Local connectedness is preserved under retractions

Question

I want to show that if $X$ is a locally connected topological space, $A\subseteq X$ is a subspace and $f:X \rightarrow A$ is continuous such that $f|_{A} = Id_{A}$, then $A$ must be locally connected as well.

My progress so far:

Take $U\subseteq A$ $A-$open and $x\in U$. Since $f^{-1} (U)$ is $X-$open and $x\in f^{-1} (U)$, there exists a connected, $X-$open subset $V\subseteq X$ such that $x\in V\subseteq f^{-1}(U)$.

Now we have $x\in V\cap A \subseteq f^{-1}(U)\cap A = U$

My guess is that $V\cap A$ should be connected, but I am unsure if this is correct.

Any help would be appreciated!

Answer 1

Let K be the nonnegative x and y axis.
Project every point of the 1st quadrant at a 45 degree angle o K.
Thus K is a retract of the first quadrant.
In general, every V is retract of the space between the two lines.

Let C be the comb space of all lines from (0,0) to (1,1/n)
for all n in N and the line from (0,0) to (1,0).

In view of the retracts of all the V's of K can the first quadrant be retracted to K? Thus be a counterexample.

Answer 2

It is easier to instead show that components of open sets are open, which is equivalent to local connectedness.
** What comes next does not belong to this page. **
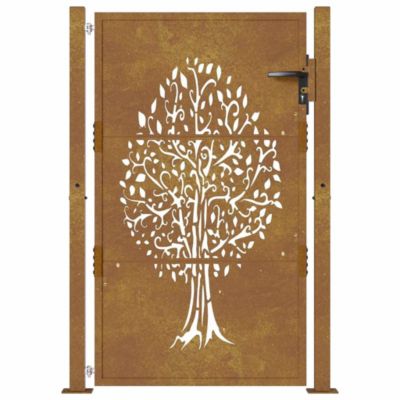 Portail de jardin,Porte de jardin,Portillons de jardin 100x125 cm en acier Corten avec motif arbre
Let $r\colon X\to A$ be the retraction and suppose $N$ is an open set in $A$ and $C$ is a component of $N$.

Let $p\in N$ and $U = r^{-1}(N)$. By continuity, $U$ is open and by local connectedness, there is a connected open $V$ such that $p\in V\subseteq U$. Again by continuity, $r(V)$ is a connected set containing $p$, hence $r(V)\subseteq C$.

Now, $p\in V\cap A\subseteq r(V)$ and $V\cap A$ is open in $A$, therefore, $p\in V\cap A\subseteq C$, hence $C$ is an open set.

Therefore, the connected components of $N$ are open, hence $A$ is locally connected.